At the time of the fire, issues in Mercer County Schools were rampant. Stories on consolidation, bond questions and fire safety requirements had all made the front pages of the Times in the months proceeding the fire.
Plans to consolidate Oakvale High School into PSHS had sparked questions on whether the Board of Education could maintain promises of equal athletic status to OHS students and if the Board somehow influenced the State Fire Marshall's representative, Frank Ubea, to declare OHS a fire hazard.
Ubeda, had also turned in over 60 demands for compliance for Mercer County Schools to the BoE earlier that year. The board had acted on these recommendations just the week before the fire. Violations had included: insufficient smoke detectors, no steps at fire exits, the need to install fire doors, as well as various maintenance issues.

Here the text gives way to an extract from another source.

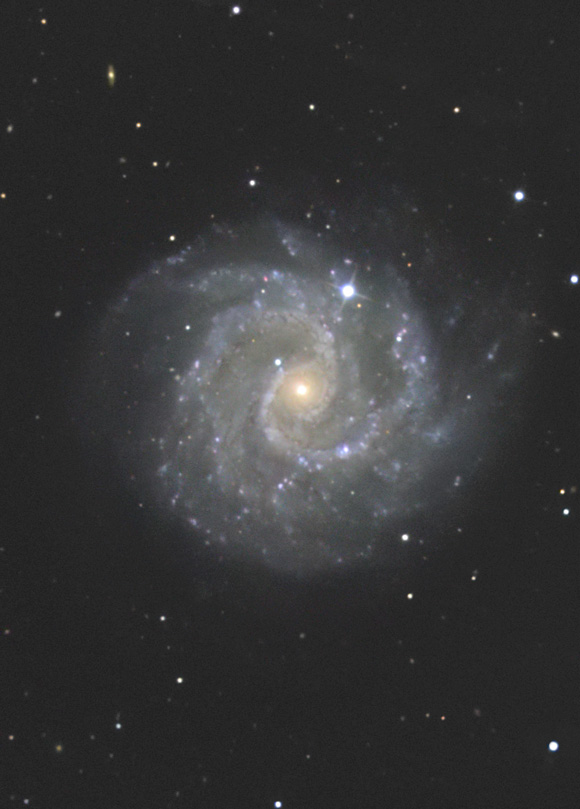 NGC3184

An unusual amount of suspicious activity that included: the fire at PJHS, another two the same day at PSHS, a fire at BSHS on Dec. 16, 1977, and a break in at Camp Creek School; was not related to any of the above issues according to Clinton Lilly the Superintendent of Schools. Lilly said that he definitely does not think that there was any connection, "If I did I would be the first to say so."
Board member Harold Tomchin spoke about future fire safety in the schools saying, "emphasis should be made toward looking carefully at small items of housekeeping" and reminded schools not to become lax about fire drills.